Content starts
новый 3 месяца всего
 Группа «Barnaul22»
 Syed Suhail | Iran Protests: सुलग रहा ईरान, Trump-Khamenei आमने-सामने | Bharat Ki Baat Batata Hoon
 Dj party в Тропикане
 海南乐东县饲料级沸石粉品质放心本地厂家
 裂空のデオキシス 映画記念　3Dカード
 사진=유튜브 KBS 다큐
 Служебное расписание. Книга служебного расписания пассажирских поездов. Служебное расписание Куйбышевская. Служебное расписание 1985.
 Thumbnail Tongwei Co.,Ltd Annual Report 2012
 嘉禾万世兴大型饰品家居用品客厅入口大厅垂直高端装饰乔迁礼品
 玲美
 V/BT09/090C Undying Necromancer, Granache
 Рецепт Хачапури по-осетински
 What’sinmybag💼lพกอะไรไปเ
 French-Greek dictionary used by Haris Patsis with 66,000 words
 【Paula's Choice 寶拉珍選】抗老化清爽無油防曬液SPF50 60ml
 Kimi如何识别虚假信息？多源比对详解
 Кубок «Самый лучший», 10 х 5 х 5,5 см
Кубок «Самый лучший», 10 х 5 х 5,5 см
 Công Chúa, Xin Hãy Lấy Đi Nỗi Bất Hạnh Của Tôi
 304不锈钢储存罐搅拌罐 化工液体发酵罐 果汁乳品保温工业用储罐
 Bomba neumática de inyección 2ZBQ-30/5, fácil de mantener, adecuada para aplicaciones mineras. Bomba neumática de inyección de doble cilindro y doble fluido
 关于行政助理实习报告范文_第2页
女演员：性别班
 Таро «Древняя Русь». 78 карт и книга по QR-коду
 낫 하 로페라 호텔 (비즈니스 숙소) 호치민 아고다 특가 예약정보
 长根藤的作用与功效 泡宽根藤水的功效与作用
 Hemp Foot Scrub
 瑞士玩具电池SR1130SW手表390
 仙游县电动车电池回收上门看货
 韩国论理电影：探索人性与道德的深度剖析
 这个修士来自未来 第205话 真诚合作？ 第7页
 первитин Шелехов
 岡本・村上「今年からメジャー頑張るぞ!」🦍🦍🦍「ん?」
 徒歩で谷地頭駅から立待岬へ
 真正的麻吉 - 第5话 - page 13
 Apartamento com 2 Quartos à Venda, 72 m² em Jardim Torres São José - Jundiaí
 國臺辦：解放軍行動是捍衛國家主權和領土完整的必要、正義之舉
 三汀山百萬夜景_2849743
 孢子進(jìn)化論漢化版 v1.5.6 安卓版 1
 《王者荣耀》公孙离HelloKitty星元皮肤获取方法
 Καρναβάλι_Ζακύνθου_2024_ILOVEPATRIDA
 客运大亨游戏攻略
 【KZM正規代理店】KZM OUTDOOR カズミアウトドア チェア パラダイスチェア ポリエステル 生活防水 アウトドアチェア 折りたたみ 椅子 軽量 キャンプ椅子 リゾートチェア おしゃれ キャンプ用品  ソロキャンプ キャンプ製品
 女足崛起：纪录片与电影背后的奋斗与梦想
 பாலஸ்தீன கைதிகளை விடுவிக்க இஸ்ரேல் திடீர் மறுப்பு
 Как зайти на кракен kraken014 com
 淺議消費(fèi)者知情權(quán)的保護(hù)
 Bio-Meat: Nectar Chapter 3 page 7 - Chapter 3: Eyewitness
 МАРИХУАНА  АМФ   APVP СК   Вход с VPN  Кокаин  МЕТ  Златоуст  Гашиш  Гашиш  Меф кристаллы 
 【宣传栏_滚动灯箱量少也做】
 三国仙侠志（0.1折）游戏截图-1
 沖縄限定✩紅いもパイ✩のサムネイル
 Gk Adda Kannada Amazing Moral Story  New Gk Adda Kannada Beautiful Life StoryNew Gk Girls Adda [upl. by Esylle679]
Content ends
#### Task to carry out
Your task is to copy exactly, and only, the lines from the line with "三国仙侠志（0.1折）游戏截图-1" through the last line of the entries, both included.

#### Exercise output
 三国仙侠志（0.1折）游戏截图-1
 沖縄限定✩紅いもパイ✩のサムネイル
 Gk Adda Kannada Amazing Moral Story  New Gk Adda Kannada Beautiful Life StoryNew Gk Girls Adda [upl. by Esylle679]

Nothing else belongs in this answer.